_RECORDS_
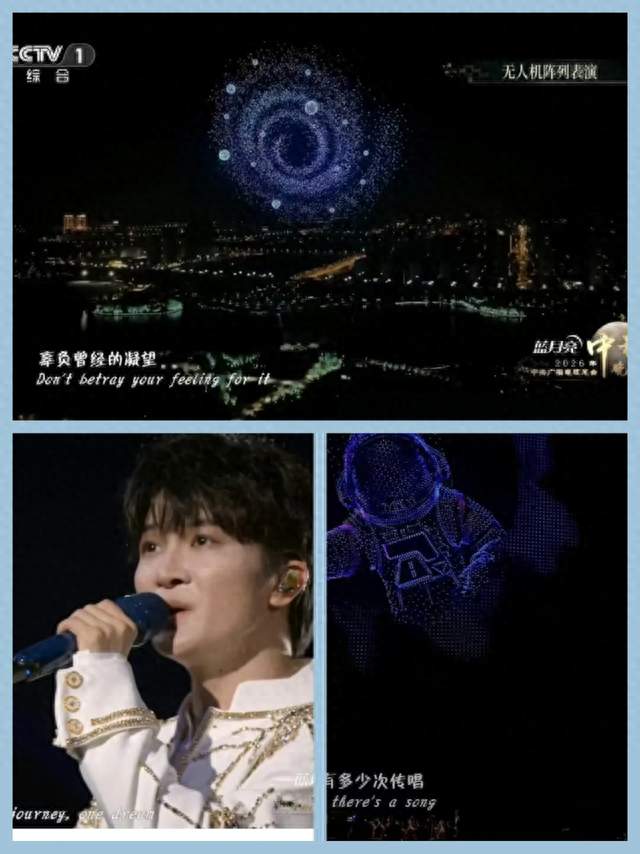 周深再次集齐奥运班底 秋晚撑起家国情怀与国内外文化交流顶级排面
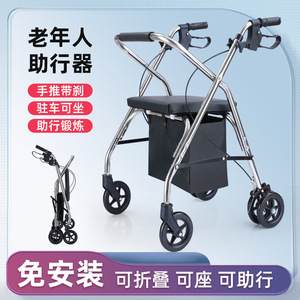 Sturdy Stainless Steel Folding Grocery Cart With Adjustable Handle For Seniors 200kg Capacity Manual Walker <b>Rollator</b> - Product Image 4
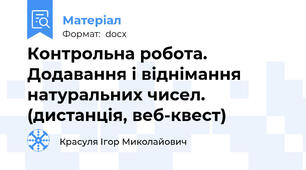 Контрольна робота. Додавання і віднімання натуральних чисел. (дистанція, веб-квест)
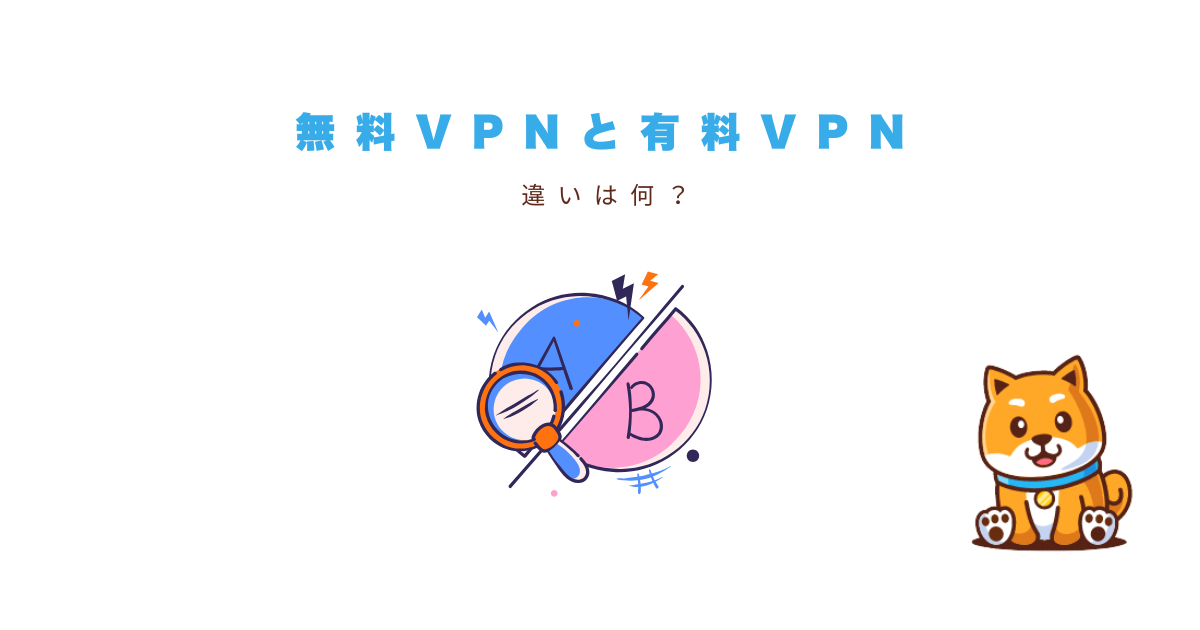 vpniphone無料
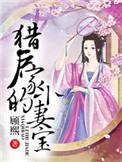 猎户家的小妻宝 短剧
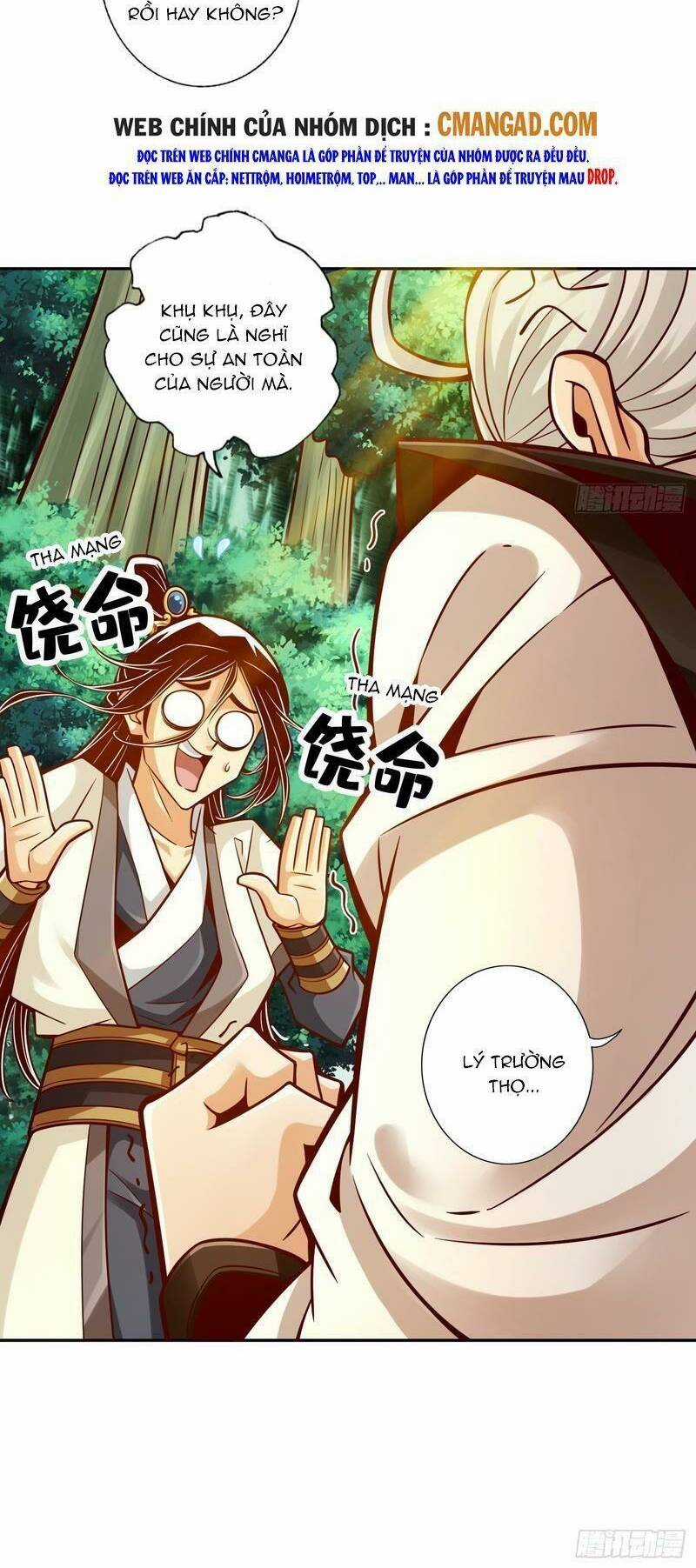 Sư Huynh Của Ta Quá Cẩn Thận Rồi Chapter 140 trang 26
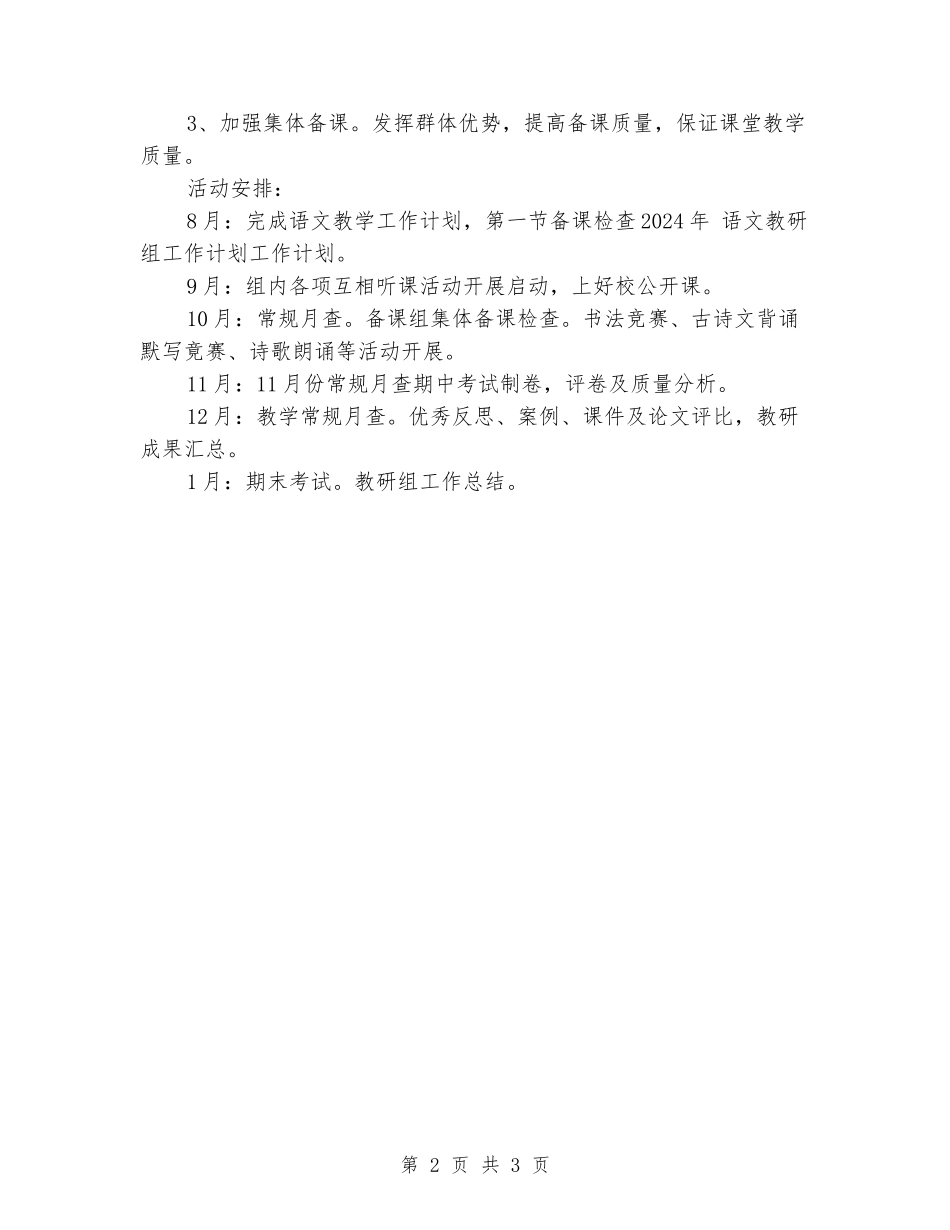 2024年一年级语文教研组下半年工作计划_第2页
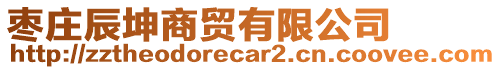 枣庄辰坤商贸有限公司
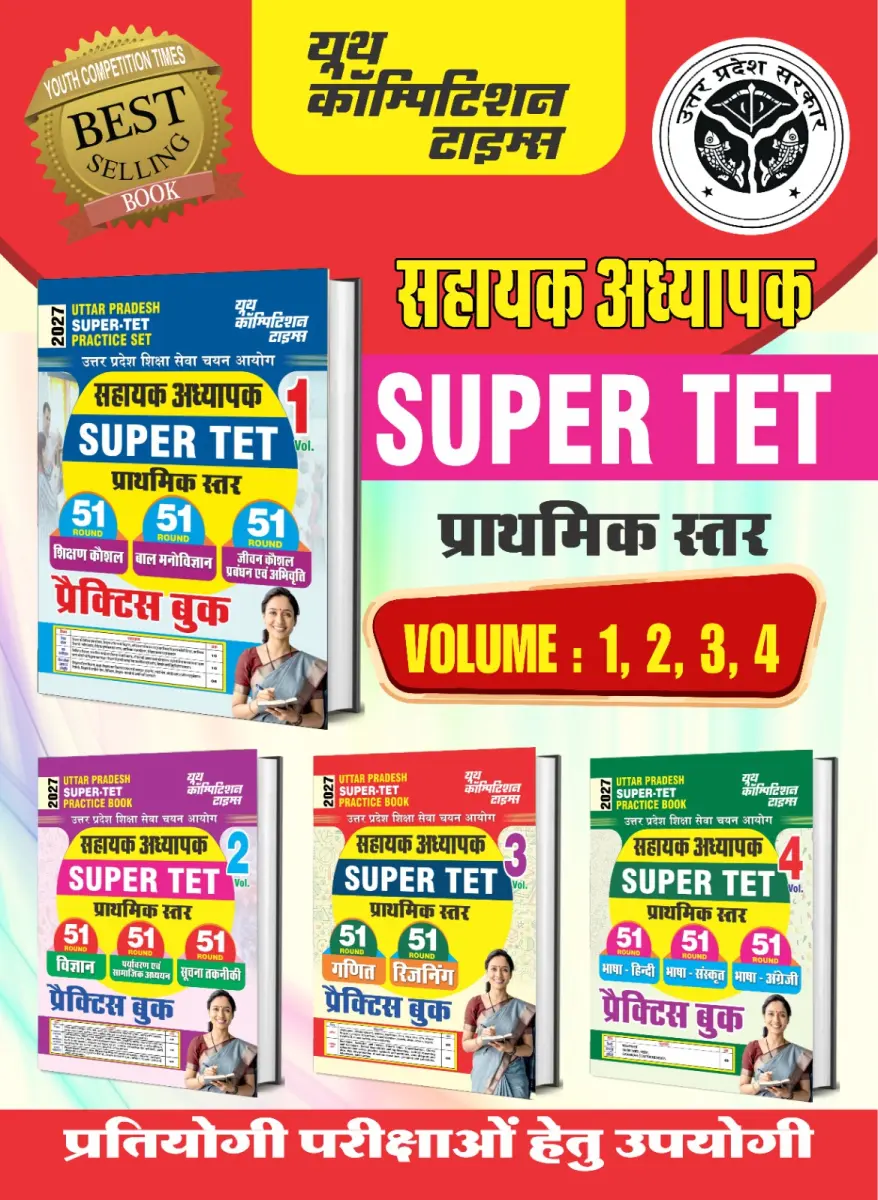 Combo of 4 Books I UP Super TET Assistant Teacher (Primary Level) Volume 1 to 4 I 51 Round All Subjets I Practice Book I Hindi Medium I 2027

_YOUR TASK_
Return nothing except the lines from the one containing "Sư Huynh Của" through the final line of the data, copied exactly. Leave out all pictures.

_TASK RESPONSE_
 Sư Huynh Của Ta Quá Cẩn Thận Rồi Chapter 140 trang 26
 2024年一年级语文教研组下半年工作计划_第2页
 枣庄辰坤商贸有限公司
 Combo of 4 Books I UP Super TET Assistant Teacher (Primary Level) Volume 1 to 4 I 51 Round All Subjets I Practice Book I Hindi Medium I 2027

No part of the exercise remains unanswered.